Hi and welcome to the Forum ,

Whereabouts in Spain are you moving to? I have a contact in radio broadcasting on the Costa Blanca.


----------



## jojo (Sep 20, 2007)

As an alternative to Pasanada area, the radio station I listen to is "Spectrum FM" Spain which covers from Marbella to Almeria -ish - maybe worth looking at their website. There are several english speaking radio stations across the costas and newspapers too. "The sur in English" springs to mind although I think thats just a direct translation of the Spanish paper "The sur". worth a look though, if only to look at their "situations vacant" page

Jo


----------



## Pasanada (Feb 5, 2008)

jojo said:


> As an alternative to Pasanada area,
> Jo


I never knew Spain had honoured me!  LOL


----------



## lemmy5 (Sep 14, 2008)

Pasanada said:


> Hi and welcome to the Forum ,
> 
> Whereabouts in Spain are you moving to? I have a contact in radio broadcasting on the Costa Blanca.

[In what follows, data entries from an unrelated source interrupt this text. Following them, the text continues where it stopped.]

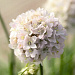 Армерия приморская (Armeria maritima) Morning Star White, 5 семян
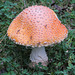 Amanita muscaria, with insects (mosquitoes?)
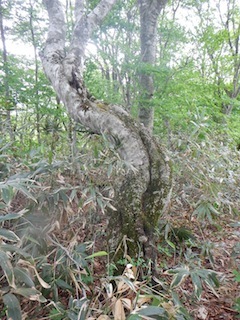c0359615_20445653.jpg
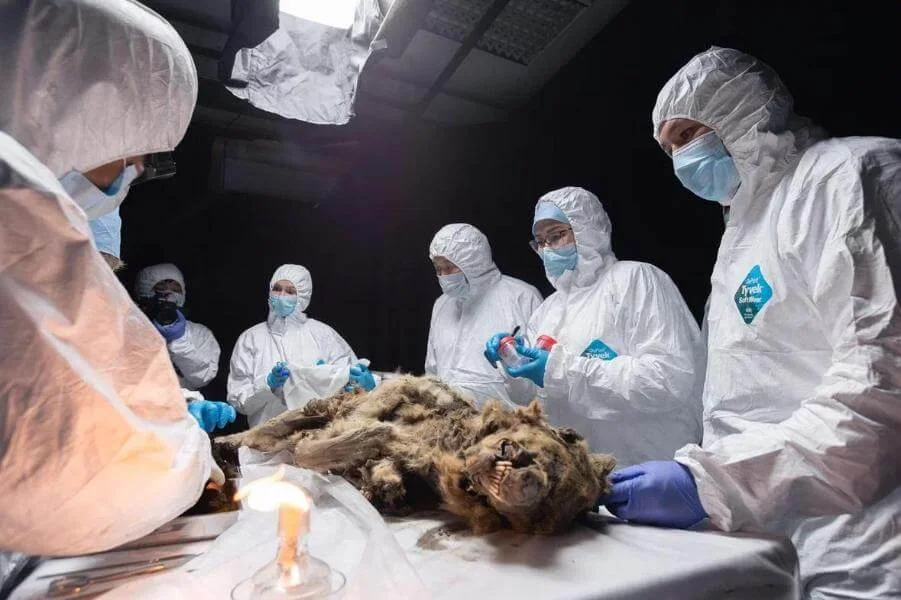 В России провели аутопсию древнего волка возрастом более 44 тысяч лет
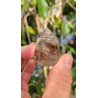 Pointe en Lodolite ou Quartz Jardin (Garden)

Funnily enough I am moving to the Costa Blanca. I would really, really appreciate any help . I can even locate to a different region of Spain if the work is there.


----------



## Pasanada (Feb 5, 2008)

Lemmy, give me a day or so and I'll get back to you.


----------



## lemmy5 (Sep 14, 2008)

Pasanada said:


> Lemmy, give me a day or so and I'll get back to you.


Thank you sooo much, you are very kind Pasanada.


----------



## Pasanada (Feb 5, 2008)

lemmy5 said:


> Thank you sooo much, you are very kind Pasanada.


BTW, what experience/quals do you have?


----------



## lemmy5 (Sep 14, 2008)

Pasanada said:


> BTW, what experience/quals do you have?


At present I am a writer. In the past I have researched and written six half-hour documentaries for ITV. I have also had several freelance journalism jobs (long list of assignments) and am educated to degree level with intermediate Spanish. My CV and work samples show the extensity of my experience.


----------



## Pasanada (Feb 5, 2008)

Thanks, Lemmy.

Not making any promises of employment but will let my contact know you're seeking work.

Will be in touch.


----------



## lemmy5 (Sep 14, 2008)

Pasanada said:


> Thanks, Lemmy.
> 
> Not making any promises of employment but will let my contact know you're seeking work.
> 
> Will be in touch.


Hi Pasanada

Any news regarding your contact?

Thank you so much for your time.

I look forward to hearing from you.

Donna


----------



## Pasanada (Feb 5, 2008)

Hi Lemmy,

Not heard anything back, will send another email. I'm in Spain next week too so will continue chasing this up for you!


----------



## lemmy5 (Sep 14, 2008)

Pasanada said:


> Hi Lemmy,
> 
> Not heard anything back, will send another email. I'm in Spain next week too so will continue chasing this up for you!


Very much appreciated


----------



## Pasanada (Feb 5, 2008)

De nada.

I'm going to be away for a couple of days so don't worry if you don't get an immediate response.

Speak soon.


----------



## Pasanada (Feb 5, 2008)

Lemmy,

Can you email me on my hotmail (MSN) account, you can click on the link to the right of my name.

Thanks.


----------